International comparison:  You can see how often a word is used by participants in different countries and areas.

Domestic/ Proficiency comparison: You can see how often a word is used by learners in a particular country/ area and at different L2 proficiency bands.
In this case, in order to guarantee validity in a comparison, learners' proficiency levels are automatically limited to B1_2 and B2 only. For a more detailed comparison, you had better use the download version.

Although the  ICNALE is one of the largest learner corpora currently available, distribution of learners' L2 proficiency levels greatly changes according to countries and areas. We advise you to deal with the small data most carefully. Freq zero shown in the graph may be due to the fact that there are no participants in the particular proficiency band. Generally speaking, if the number of participants is smaller than 5 in a particular proficiency band, frequency obtained from the band would be least reliable.

CFFR Bands with <5 Learners
Countries Spoken Written
 HKG     A2 (n=0)
   B1_1 (n=1)
   A2 (n=1)
 PAK     B2 (n=1)    B2 (n=3)
 PHL     A2 (n=0)    A2 (n=2)
 SIN     A2 (n=0)
   B1_1 (n=0)
   A2 (n=0)
   B1_1 (n=0)
 IDN      B2 (n=3)    B2 (n=3)
 THA      A2 (n=2)
   B2 (n=4)
   B2 (n=2)

When you check both of Spoken and Written in the production mode, the average frequency value is calculated for a graph.

Keywords Search

Keywords Search shows all the words statistically overused or underused in one of the two subcorpora to be compared.
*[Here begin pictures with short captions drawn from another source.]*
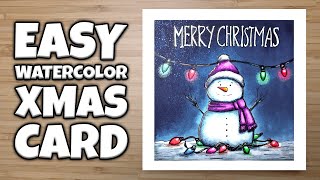 Beginner Watercolor & Colored Pencil Tutorial | Cute Snowman Christmas Card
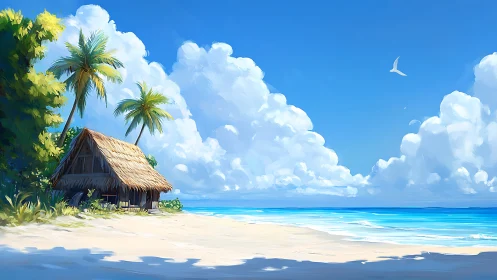 Tropical Beach Sanctuary with Thatched Dwelling.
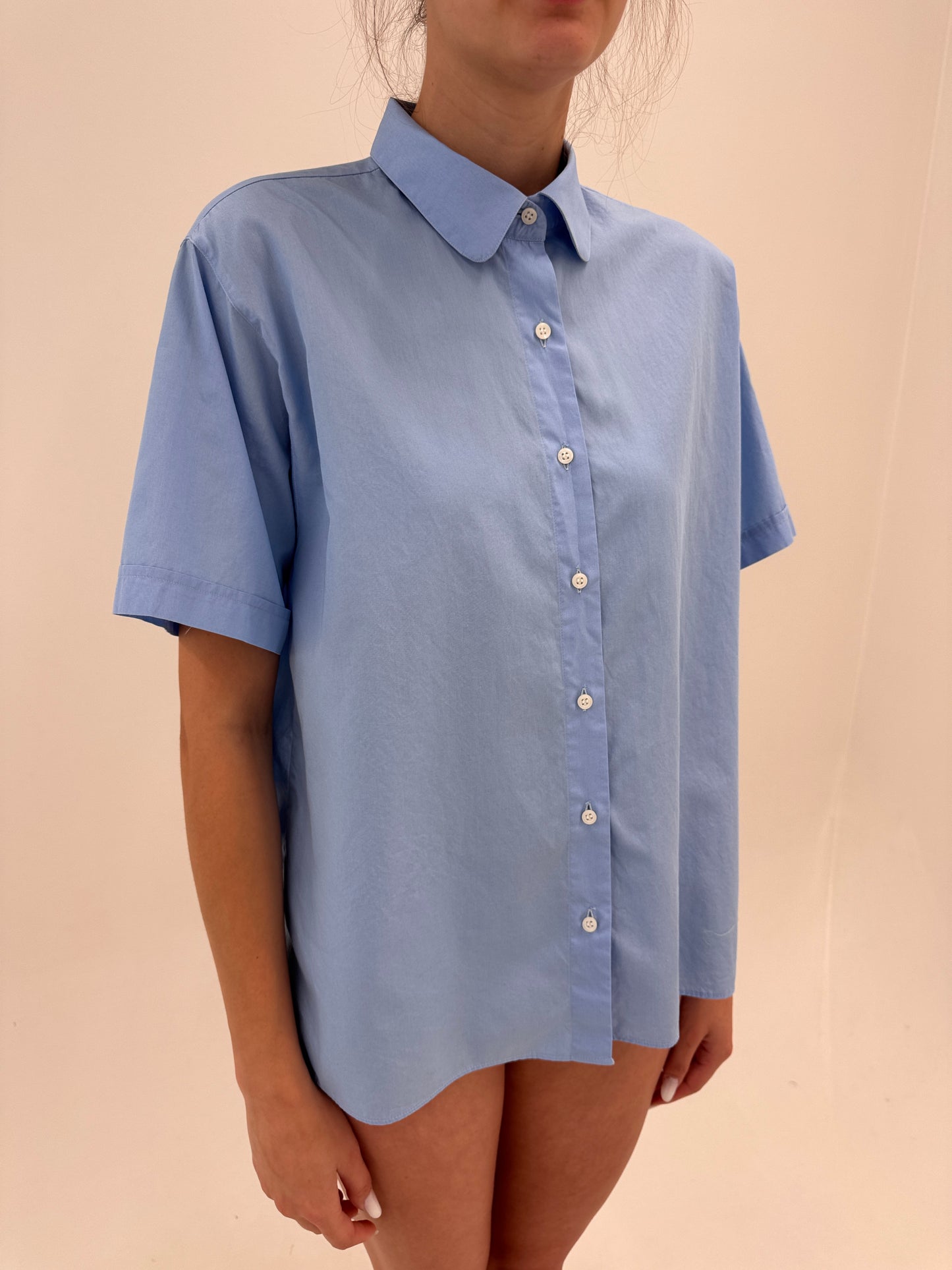 Cămașa premium italiană baby blue cu guler Peter Pan din poplin de bumbac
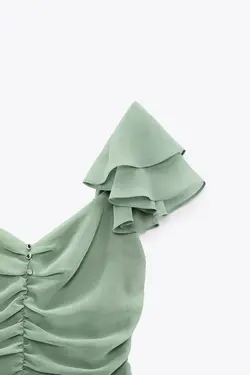 پیراهن کوتاه زنانه خاکی زارا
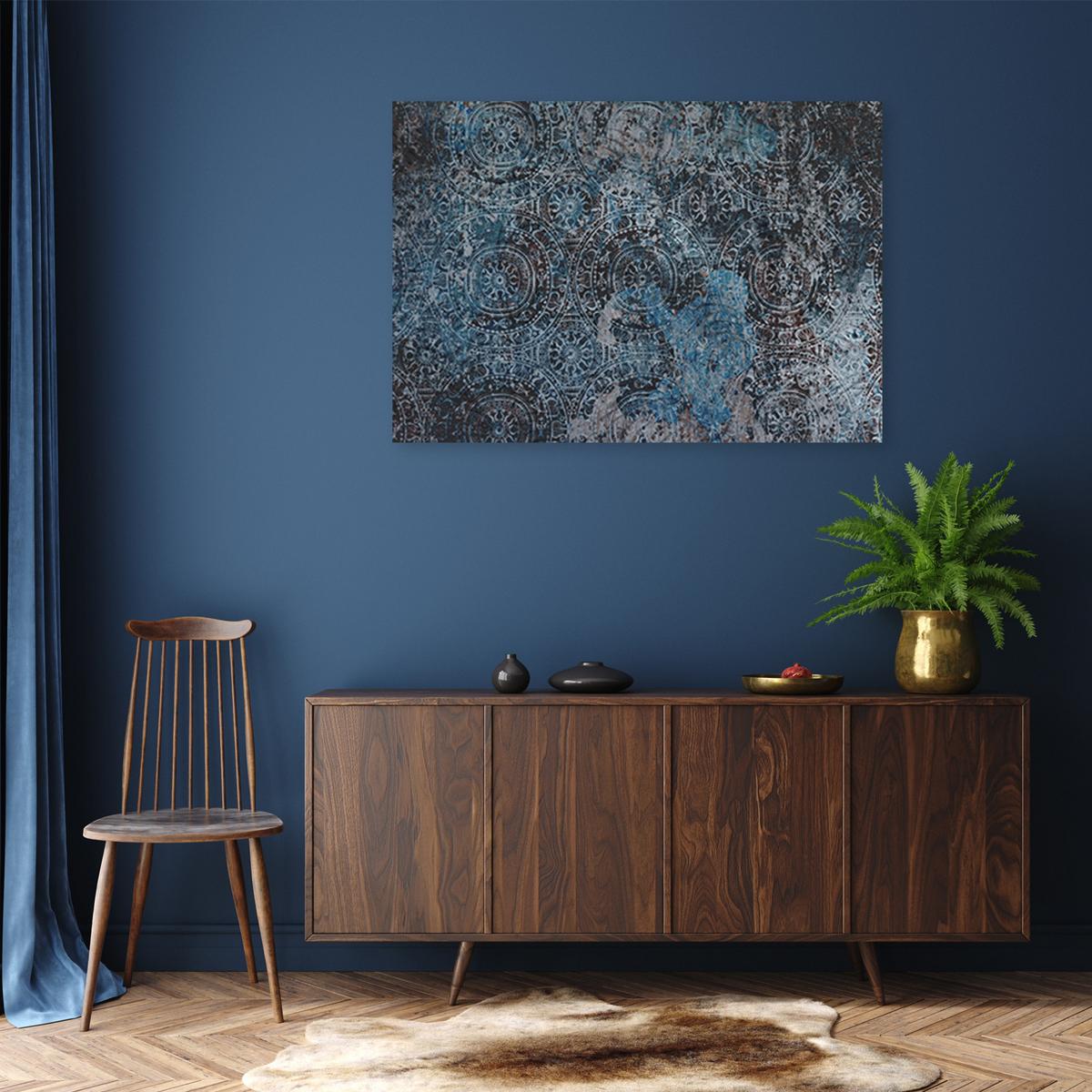 WANDBILD vintage oriental mandala - Blau, Textil (60/40cm) - Feeby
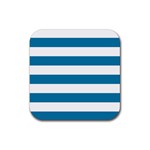 Horizontal Stripes - White and Cerulean Rubber Coaster (Square)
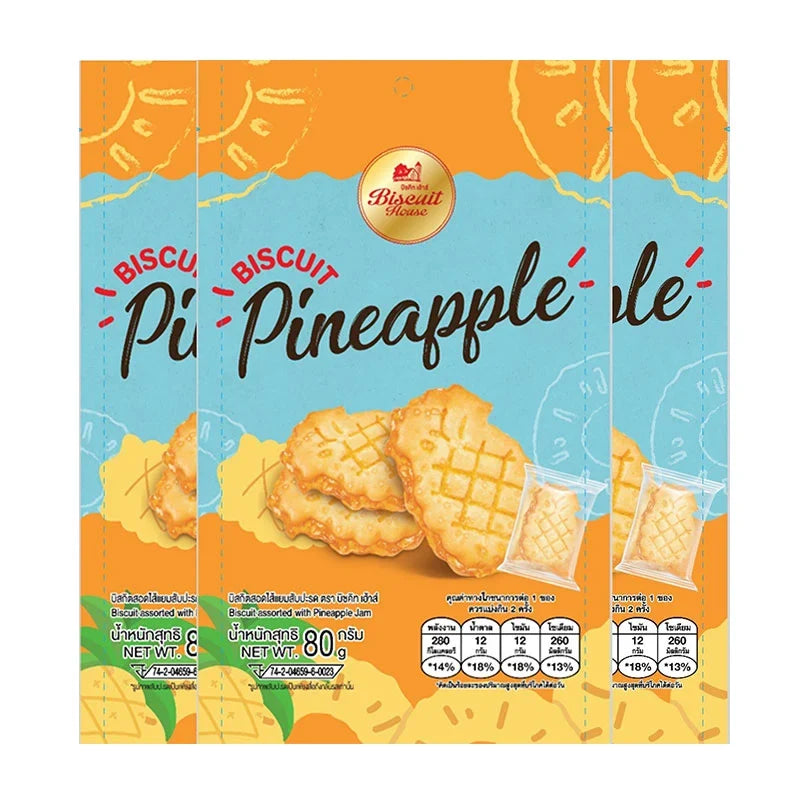 Assorted Biscuit House dry snacks with pineapple jam, 80g x3, featuring colorful biscuits and pineapple-filled treats in a clear package.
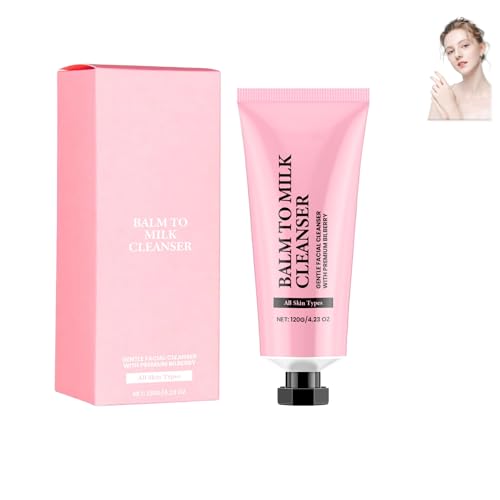 Balsam zu Milchreiniger, 2 in 1 Gesichtsanlage reichhaltig, sanftes Peeling -Doppel -Make -up -Entferner, reinigt die Haut effektiv von Make -up und Verunreinigungen für alle Hauttypen (1PC) von HOUKUNKA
Users can compare Japanese learners of English with English native speakers, for instance. In this case, the former is called a target, and the latter a reference. By observing keywords characterizing a target, users can easily examine the lexical features of the target group. Users can choose a statistical measure to evaluate the deviance of frequency between X2(chi square) and LL (log-likelihood). Several studies, although not all, suggest that LL is more robust even when the sizes of the two subcorpora are different.